The D10 is a barebones rig with the classic Shuttle form factor, but the addition of a 7-inch (800 x 480) touchscreen out front makes things a little more interesting. Intel Core 2 Duo, Core 2 Duo E4000 series, Dual-Core E2000 series and Celeron 400 series processors are all supported with up to 4GB RAM, and the kit ships with an Intel GMA 3100 GPU, 5.1 channel audio and SATA II support. A base configuration is offered on Shuttle's Japanese site with a 1.6GHz Celeron processor, 1GB RAM and a 80GB hard drive for ¥69,800 (about $648), but no -- it isn't available in the States.

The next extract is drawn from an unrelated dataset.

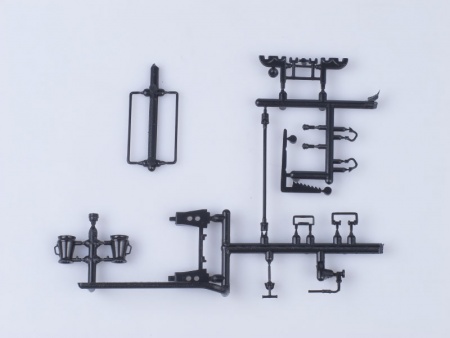 1067KIT Сборная модель ПМЗ-27 (157К), 1959 г. AVD Models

If that display was just a Slideshow device built into the case that showed you email, weather, etc it would be much more useful. Trying to pack the entire desktop on that screen is stupid.
Screenshot is nowhere near accurate.
Using XP & Vista on an OQO with that same screen resolution resolution paints a very different desktop image. Half the start up items. And the sad part is that you have trouble accessing the functions & buttons of many (most?) softwares titles or at least some of their function & preference windows. Fortunately with the OQO you can hit the magnifier buttons to temporarily zoom out to soft render at 1024*768 when that happens.
It sports a 7 INCHITATCHIPANERUMONITA
(Katakana rules!)
I thought that looked familiar! I was looking for a replacement to my aging Shuttle RefleXion HTPC and this little guy caught my eye. $425 all said and one is not too shabby for an SFF mobo, case, power and 7" WXGA touch screen. The integrated GMA 3100 shouldn't be all that bad short of more hardcore 3D gaming, though unfortunately, they left no capability for video upgrades. But yeah, that 100W PS has gotta go if it's not up to snuff. Then again, having only to add CPU, memory, HD and optical, it might have more than enough juice to go around.
Celeron? ahahahahahahahahahaah
Shuttle should worry less about integrating touchscreens into their cases, and instead focus on making a gamer-centric MicroATX form factor that can accomodate both the size and power requirements of a Radeon HD4870 X2. I wonder what's taking them so long.
So, 7" 800x480 screen, somewhat unwieldy formfactor vs. MIDs... Why is this not a yet-another-horrible-netbook story, engadget? I want my netbook coverage, and you'd better give it to me!!!
(Honestly, that would have been a really funny take on this, I'd think. That or KIRF: the world's bulkiest iPhone knock-off...)
Reminds me of those old honkin' CCTV monitors back in the days.